Sachs presents multiple perspectives by liberally jumping backwards and forwards in time, capturing Ira at different ages and points in his life. In doing so, the film doesn’t draw attention to how he changes so much as what stays the same: how he seems cut off from his own emotions, never running too hot or cool. The theme of numerous observations also applies to the interviews of past wives, lovers, children both legitimate and illegitimate, and, perhaps most unforgettably, Ira’s mother, each of whom contribute a different facet to what is ultimately a complex portrait of a serial philanderer who simultaneously had multiple families.

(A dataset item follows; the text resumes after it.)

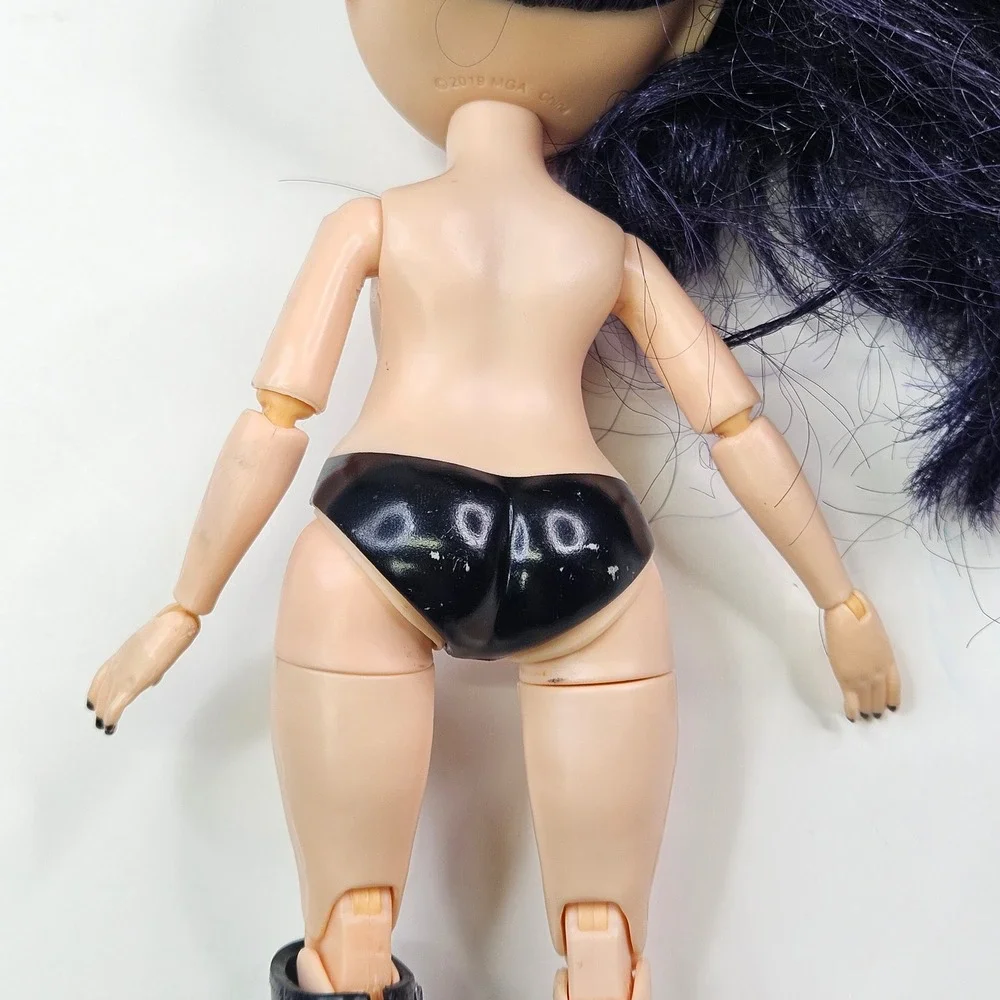 MGA Rainbow High Ainsley Slater Doll Kids 11in Purple Hair Blue Eyes Articulated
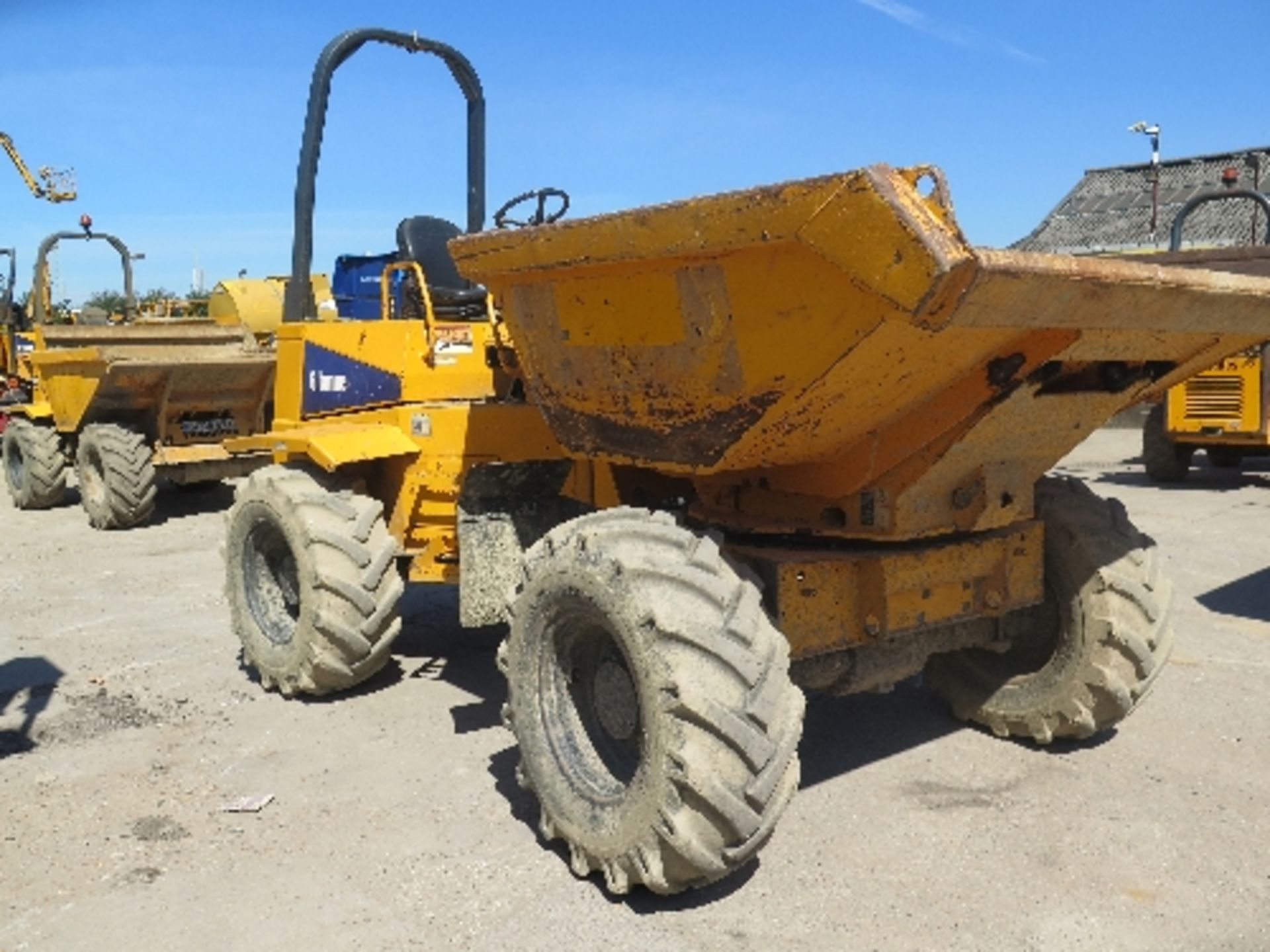 Thwaites 6 tonne swivel dumper (2007) 2,043 hrs  153136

At the same time Ira is being deconstructed, the film builds toward an epiphany about the nature of family via a parallel narrative involving Sachs and her two siblings from Ira’s first marriage. They recount how they first learned about their father’s affairs, how they subsequently navigated his existence as the Hugh Hefner of Park City, Utah, and how alienating it was for the Sachs children as he cycled through women.
The director’s attitude toward her father—who in the present day has become elderly and senile and, as such, even more enigmatic than he had been in earlier years—never approaches hostile, but she reserves most of her genuine warmth for her brothers, sisters, and half-siblings. Some are considerably younger than her and were kept secret from her. As the camera frames them side-by-side with Sachs, it lingers on their faces as if to marvel at the physical traits they all share.
Eventually, all of Ira’s progeny come together to ponder weighty themes—whether or not they share a parent is enough to make them family. But the documentary seems to argue that due to the complexity of familial bonds, only those caught inside should get to define them. That’s a universal message that will resonate with most viewers, who will likely find Sachs’s objective considerably more admirable than her main subject.